Bibliochef: Have you ever been to the Finger Lakes? If so, do you have a
favorite restaurant in the Finger Lakes? If not, what restaurant would you
recommend to others?
Mary Jane: Alas, I
have not had the pleasure of visiting the Finger Lakes, but if you ever find
yourself in West Texas, let me know and I will help you follow your nose to the
nearest mesquite-burning grill where fajita meat is cooking and tortillas are
being steamed. Add a frozen margarita
and some warm tortilla chips with fresh guacamole and queso. Perfection.
We also
have a home in Daytona Beach, Florida, and one restaurant in that area that I
highly recommend is The Garlic in New Smyrna Beach. Great food, great service, but the ambience is why you must
go. On a cool winter night, get an
outside table near one of the open fireplaces and sit under colorful Christmas
lights. Bliss!
Oh, and
back to pancakes: when in
Nashville, hurry to the Pancake Pantry next to Vanderbilt University. At peak times, the waiting line can
wrap around the block, even in winter, but it is worth the wait. Try the Caribbean pancakes or the sweet
potato pancakes. Yum! And check out this site.
I could go
on and on, but it wouldn’t be fair to stop without mentioning two of my
lifetime favorite restaurants: The Golden Lamb in Lebanon, Ohio, in
operation continuously since 1803, host to Charles Dickens, Mark Twain, and
many literati over the years, and also the site of my wedding dinner many
decade ago and, finally,
· Mrs. K’s Toll House in Silver
Spring, Maryland, always gracious and just off the Washington, DC beltway.
Biblochef:
Well, those add to my travel plans! What am I not asking that I should? What question have you never been asked
that you have always wanted to be asked? What's your answer?
Mary
Jane: I’ve been asked a lot of questions I didn’t want to answer (not here, of
course), but one question that has never been raised here or elsewhere is why I
love pancakes so much. The
answer—like the answer to “Why do you rob banks?” Or “Why did the
chicken cross the road?”—is completely obvious: because pancakes are SO GOOD.

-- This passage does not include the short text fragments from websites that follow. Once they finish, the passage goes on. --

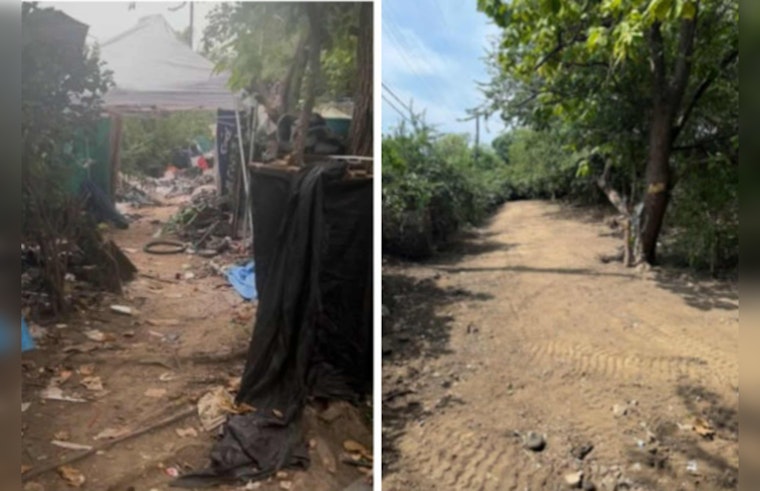Oklahoma Governor Stitt Declares Success of Operation SAFE Cleanup in Tulsa, 2 Million Pounds of Waste Removed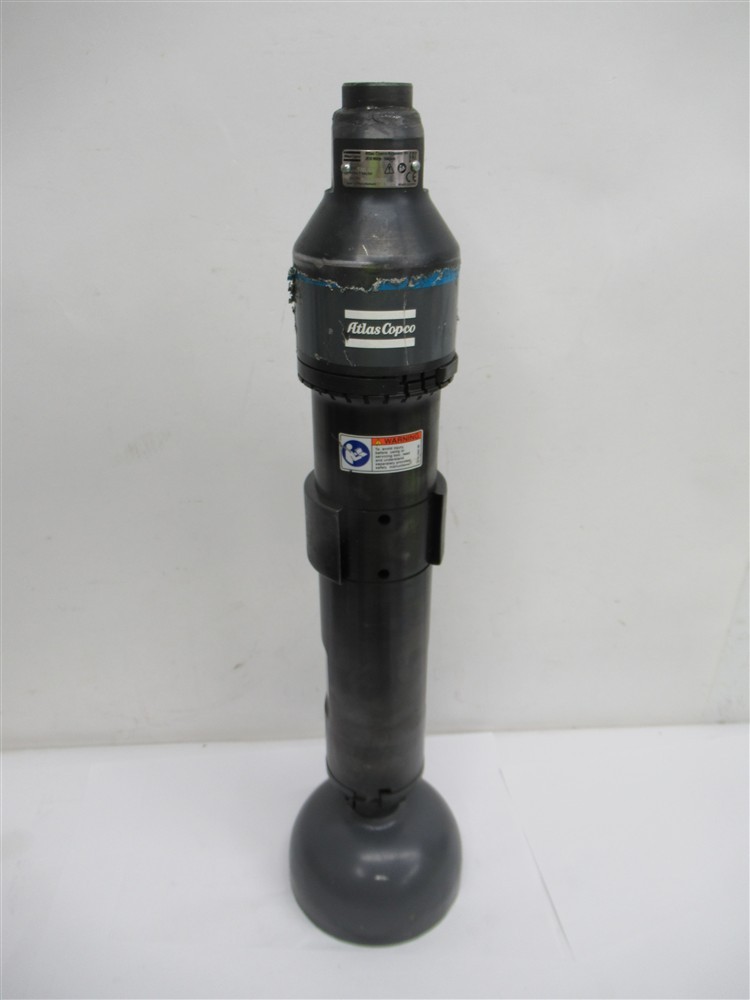 Atlas Copco TAM19, Pneumatic Back Fill Tamper Head, 6-1/4" Cast Iron Butt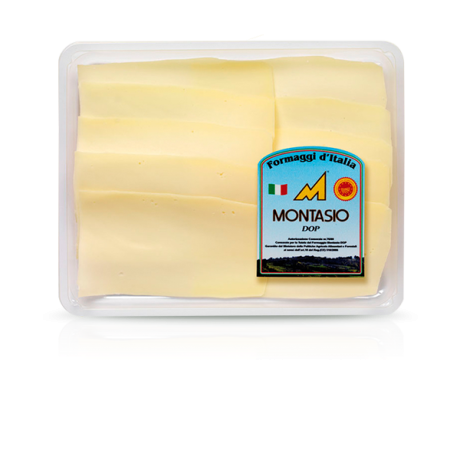 Przejdź do produktu Ser Montasio dop a fette 100g - Devodier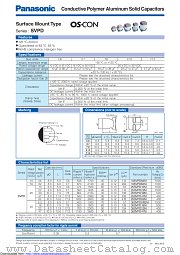 16SVPD82M datasheet pdf Panasonic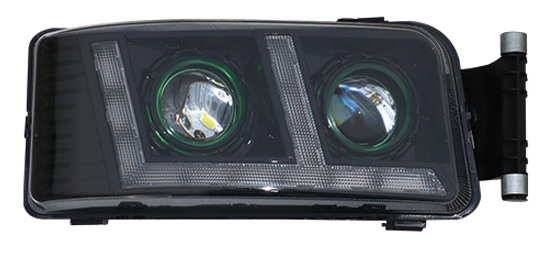 Full LED headlamp for MAN TGA R
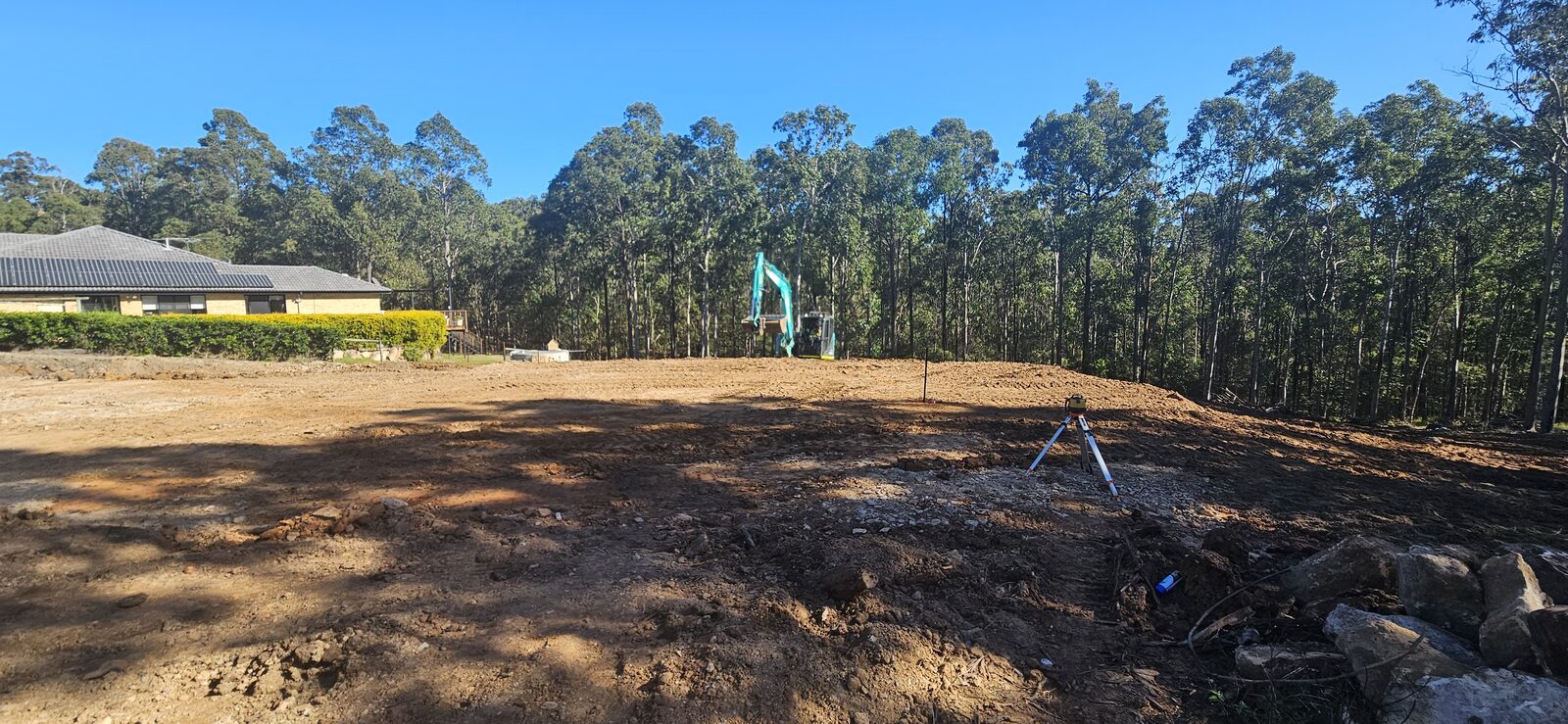 Earthworks Done Right — Building Foundations That Last — Sollid Solutions Gold Coast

Seriously, thank you for letting me think and talk about
one of my favorite subjects, food.
Oh, and I did I mention that I really love pancakes?
Bibliochef: So, I guess you love pancakes? And seriously: I have not learned so much in an interview in ages. Thanks so much for doing this and I am sure readers join in saying a big THANK YOU as well. (and apologies for the font trouble. Every once in a while, typepad seems to have this oddity!)